Amtrak, a federally funded and federally majority-owned company, is meant to serve the public. The drastic fare increase is a slap in the face to taxpayers after the infrastructure bill dedicated a total of $22 billion in direct grants to the company.
You might think from Dr Borofsky’s first two paragraphs that her complaint is that she wasn’t notified far enough and directly enough in advance, but that’s not it. What upsets her is that she’s having to pay more for a direct service she receives.
Amtrak receives considerable subsidies from both state and federal governments but it’s managed as a for-profit company. This isn’t unusual. No country in the world operates a passenger rail system without public support.
But Amtrak’s “for-profit” status is sadly ironic. The train company has never been profitable since its founding nearly fifty years ago. It’s only thanks to its subsidies that the company has survived.
In other words, Dr Borofsky’s daily commute has never been entirely paid for by her fares. It has always been subsidized by taxpayer dollars, many of which are taken from people who earn less money than she does. But hey, if you’re a daycare worker in Philly, or a laborer for a roofing company in Lexington, shouldn’t you be glad to know that some of the money you pay in taxes goes to pay for “a postdoctoral research associate” at an Ivy League university, who earned her doctorate at Stanford, the hoitiest and the toitiest of the colleges west of the Mississippi, to research “the evolution and ecology of cooperative hunting”?
As a postdoc at Princeton University, I commute from Philly to Princeton using Amtrak. This commute used to make financial sense; rents in Philadelphia are almost half the price of those in Princeton, and Princeton provided a helpful although limited commute subsidy.
However, the commute became unaffordable for me and likely many others on July 1; the 10-trip (one-way) ticket package between Princeton and Philly shot up from $230 to $390, and the monthly pass increased from $576 to $975. These sudden increases have impacted many postdocs and graduate students at Princeton, whose budgets were already strained by the previous fares.
There’s such a whiff of elitism from Dr Borofsky’s OpEd. As a “postdoctoral research associate” at an Ivy League university, she is paid much more than most Philadelphians. According to Glass Door:
The estimated total pay range for a Postdoctoral Fellow at Princeton University is $57K–$67K per year, which includes base salary and additional pay. The average Postdoctoral Fellow base salary at Princeton University is $62K per year.

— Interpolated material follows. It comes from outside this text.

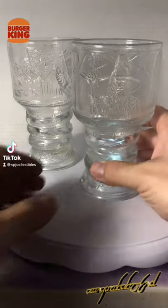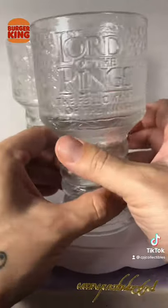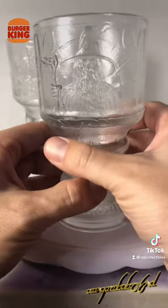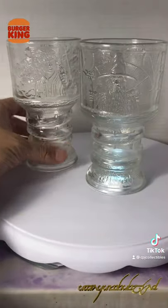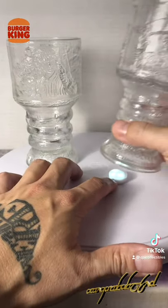Here's another flashback Burger King item that you might remember: the 2001 Lord of the Rings goblets. Each goblet came with a character on the front — here we've got Gandalf, and in the back we have Frodo. They came with a red light that you could turn on underneath. I've lost mine, so I'm using a dollar store one.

The minimum of $57,000 is slightly higher than the median household income of $56,517 for Philadelphians overall. But Dr Borofsky apparently believes that the baggers at Giant Food Mart or the clerk at Wawa brewing her large coffee for the train ride — yeah, I’m guessing about that last, but everyone in Philly should drink Wawa coffee! — should have to contribute a bit more to pay for her train ride.
Dr Borofsky continued to tell readers about Amtrak’s poor service, and that the suddenness of the fare increase was “exploitative.” I have no qualms with her point that the increase was sudden, nor that Amtrak’s service isn’t the greatest.
But it’s her concluding one-sentence paragraph that gets me:
Train travel should be viable for all, not just the wealthy.
No, train travel should be available to those who pay for the service. Why should I, a retiree, be required to pony up some of my tax dollars so that Dr Borofsky doesn’t have to pay for the service she receives? Why should the janitors at Princeton be required to help fund her commute?
The subtitle of her article states, “The drastic increase is a slap in the face to taxpayers,” but no; the drastic increase is a boon to the taxpayers, the ones who are already subsidizing her train ride. The good research associate should pay for the services she receives herself.